Menzies soon moved into private enterprise construction, having to shift with every big job which became a serious problem.

“It wasn’t good for our children. I wanted them to have a good home life and education. I took myself off to Auckland and finished up in charge of the Auckland Harbour Board redevelopment scheme. I became a property developer and enjoyed the role with complete responsibility for the project.

“When I retired from property development I accepted some directorships and assisted with some problems on development projects.”

Menzies says he never had any formal training for a board role or for management. “I found my engineering training, which is based on having information, logic, decision-making, and getting on and doing things, coupled with my formation as a practising Catholic, was all one needed. Experience on the job was invaluable.”

He says he has always sought excellence and it can never be compromised.

“Excellence in every aspect of your work has to be the focus. By that, I mean the culture within which the staff are employed, the way that subcontractors are treated and products and services are understood. And, of course, the shareholders have to be well-informed.

“If excellence at first seems difficult, you have to find a solution by approaching the problem in a different way. The characteristics that are very important in a company are that you live the truth and you trust your colleagues. These two are the rocks upon which you build an organisation. Excellence blossoms out of it.”

“Excellence in every aspect of your work has to be the focus. By that, I mean the culture within which the staff are employed, the way that subcontractors are treated and products and services are understood. And, of course, the shareholders have to be well-informed.”

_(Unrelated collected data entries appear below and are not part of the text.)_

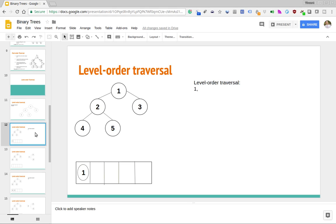The general way to perform a level order traversal involves the use of a queue data structure. I'll step through an example of how we make use of a queue, and the general pattern will hopefully become clear. We start off with a queue data structure and set the initial element of that queue — we enqueue the first element of the level order traversal, which in this case is the root node. Then we have a while loop that will go over this queue and keep going until the queue is empty. In this loop, we check what the first element of the queue is.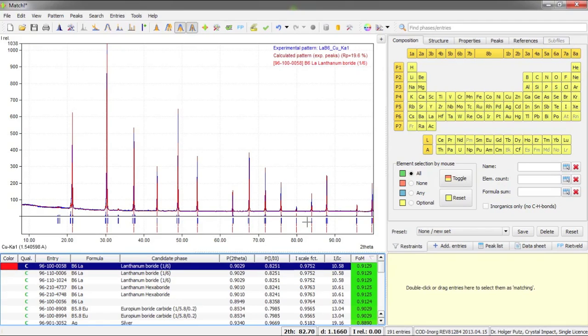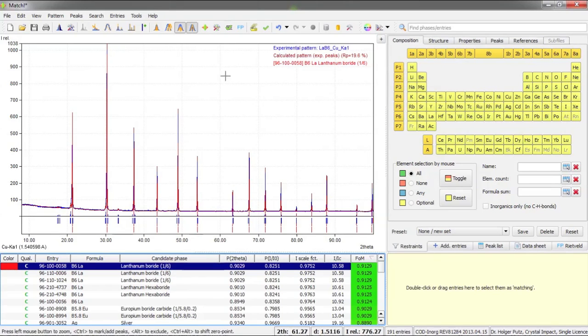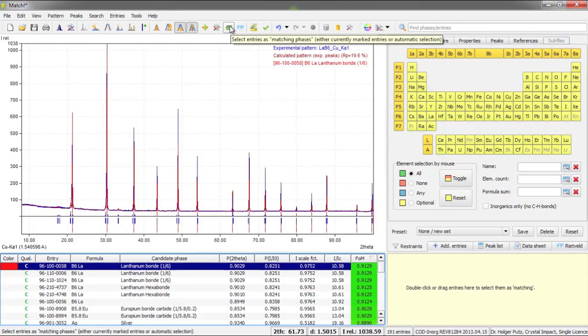The result can be seen here below in the candidate list. The most promising candidate phase is Lanthanum boride, which is no surprise actually. I will now select this phase as matching, for example by pressing this button here in the toolbar.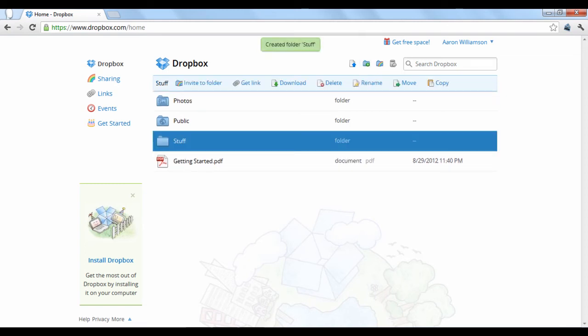One thing you'll want to do is download the Dropbox application to your computer desktop. This will create a folder on your desktop that you can drag and drop files into and they will be automatically uploaded and synchronized with your other Dropbox devices.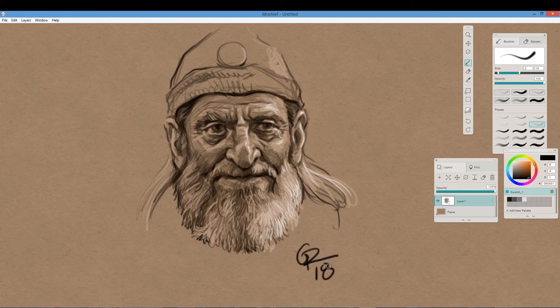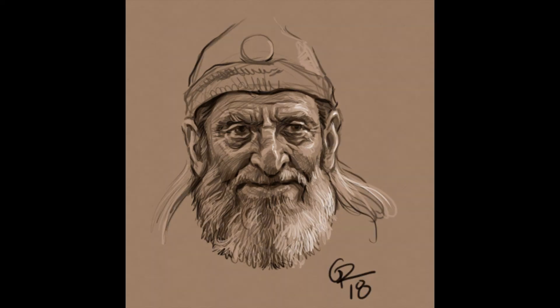Anyway, that's it. That's my finished painting. If you enjoyed this video or it was helpful to you, please consider subscribing. Also consider liking the video and coming back for more, because there will definitely be more. Thank you very much. Bye-bye.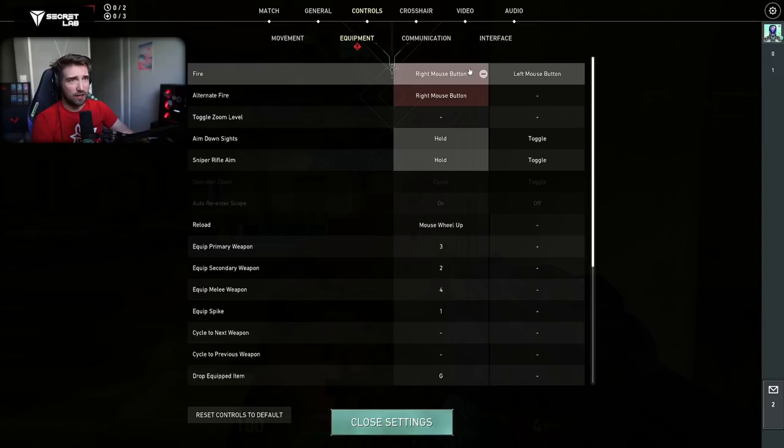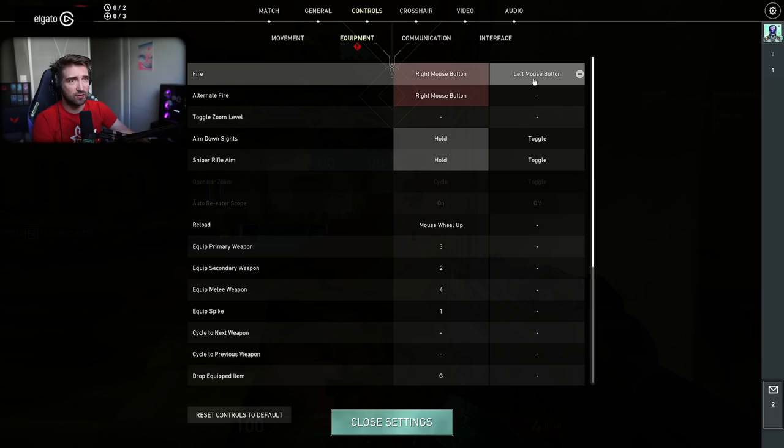You put your fire and alternate fire on the right mouse button and then your primary fire on left mouse button. It has to be this way, because otherwise it won't work.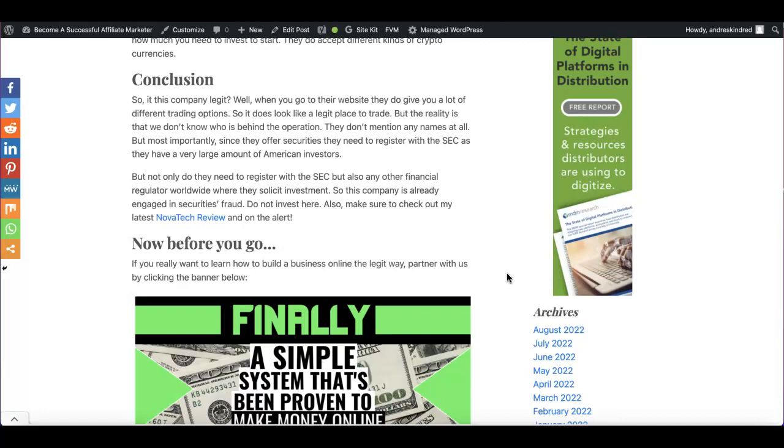So they do not mention any names at all. That's a huge red flag. But this is the most important part that I want to get into to share with you guys, my knowledge here. And this is the most important reason why you should not invest with this company, guys.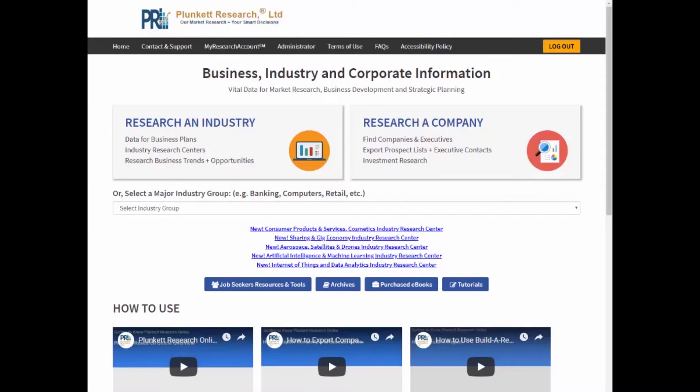Hi, this is Jack Pluckett. Today we're going to talk about how to use Pluckett Research Online. I'm going to show you the great features of Pluckett Research Online, which we sometimes call PRO, and dive into some really deep uses that you'll love.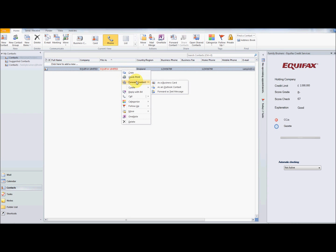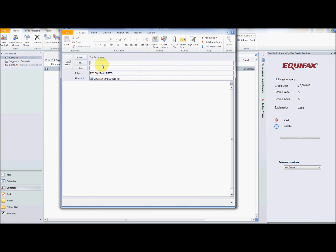Simply right-click the contact and select 'Forward Contact as Outlook Contact'. The sales agent writes the email as usual, asking the accounts department to verify, then clicks send.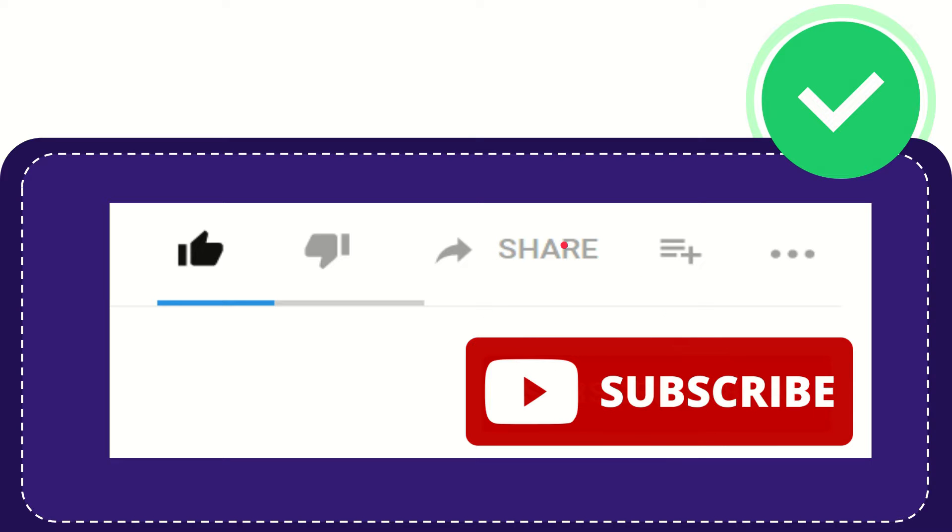I think that's all of it. Thank you so much for watching this video and see you again in another video. Bye bye. See you again.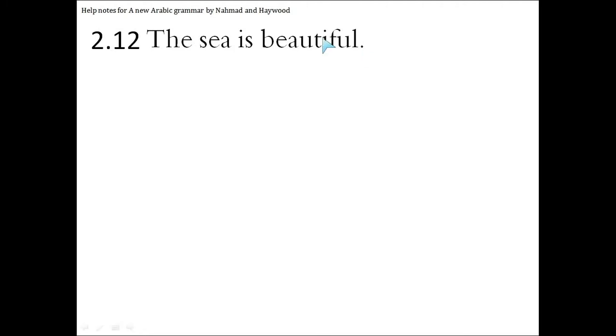Welcome to Help Nodes for a new Arabic grammar by Nahmad and Maywood, exercise number 2, question number 12. The sea is beautiful.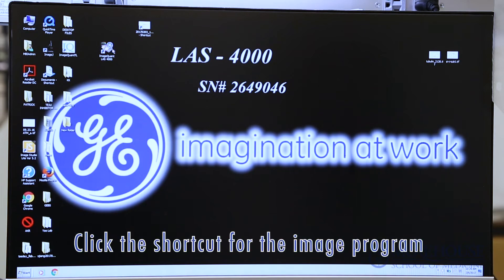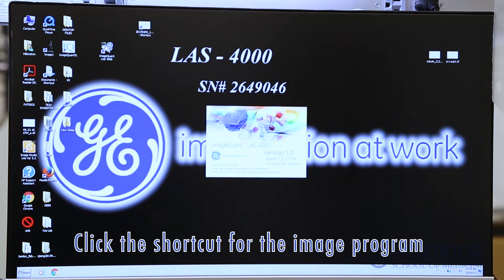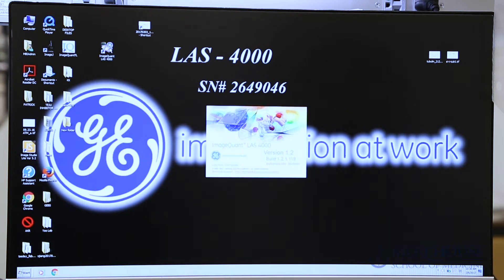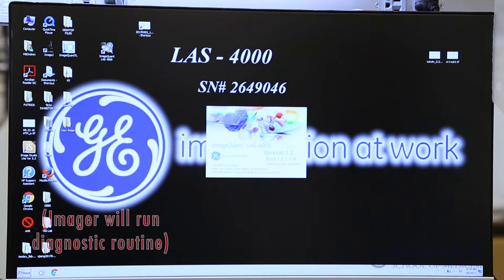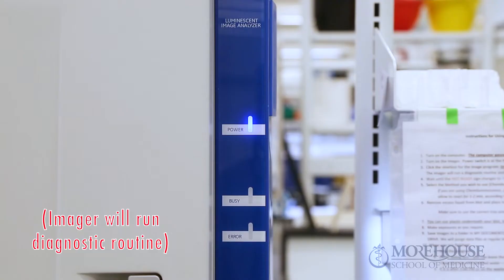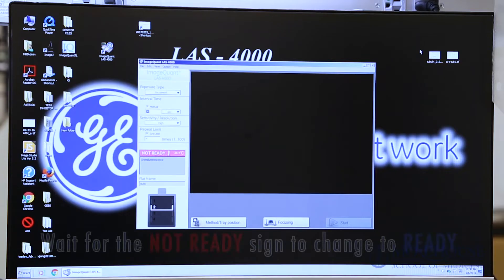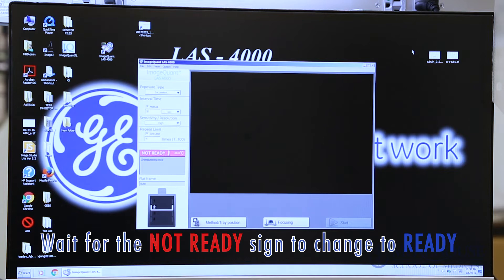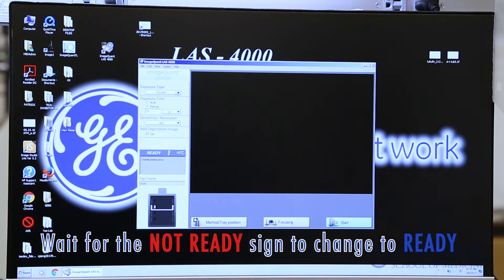Click the shortcut for the image program, ImageQuant LAS4000. The Imager will run a diagnostic routine and cool the CCD camera to minus 30 degrees C. Wait until the not ready sign changes to ready.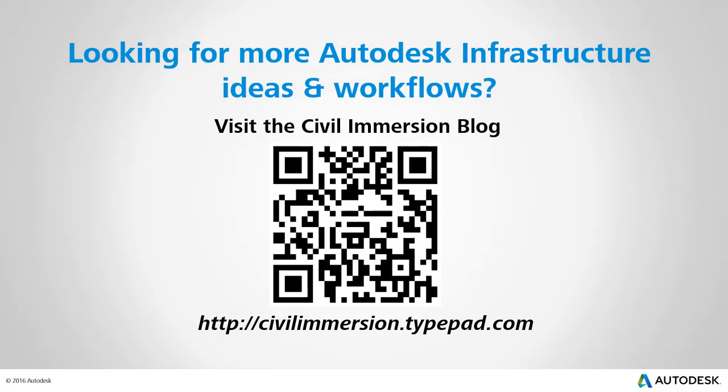Would you like to explore other Autodesk infrastructure ideas and workflows? If so, please visit the Civil Immersion blog by scanning the QR code or by following the URL listed below.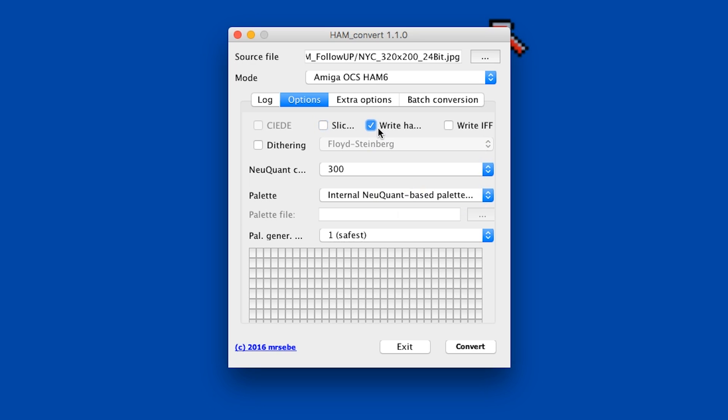First up, our man Cocos from Poland recommended a Java app on PC called Ham Convert. He was wondering how it compared to AdPro. It's cool that there's a Java app that's multi-platform - some people may not want to boot up their Amiga or bring up a whole emulator just to do this. If you have an app you can just pop into, convert to HAM, and the quality is there, then what does it matter which tool you use?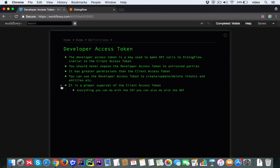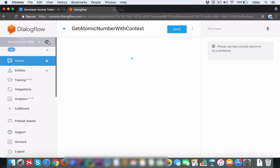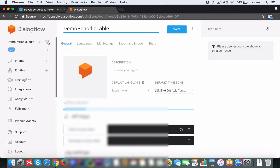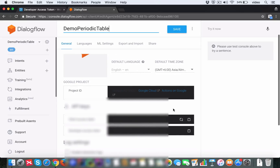So anything you can do — any API call you can make with the Client Access Token — you can also do with the Developer Access Token. In the Dialogflow console, you can take a look at the settings and under the General tab, you will see the Developer Access Token.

Menzies says he has always been a great believer in the free market because it regularly gives you a surprise, showing how wrong you were.

“I really love the free market. If the government is based on a democracy and people are voting for the basic things that democracy needs, the free market and democracy need each other.

“The free market has an amazing ability to solve problems and devise new ideas, which lead to company formation and growth in the economy. The government must let this market flourish, attending to the overall law requirements and other functions such as education and regulations.”

At the age of 86 and now living with cancer, Menzies says his future involves accepting treatment and enjoying what life brings with such restrictions. “I try to exercise as much as I sensibly can, but I’m not able to responsibly contribute to any business activity because my thinking is somewhat compromised as well. Life is what one makes of it.”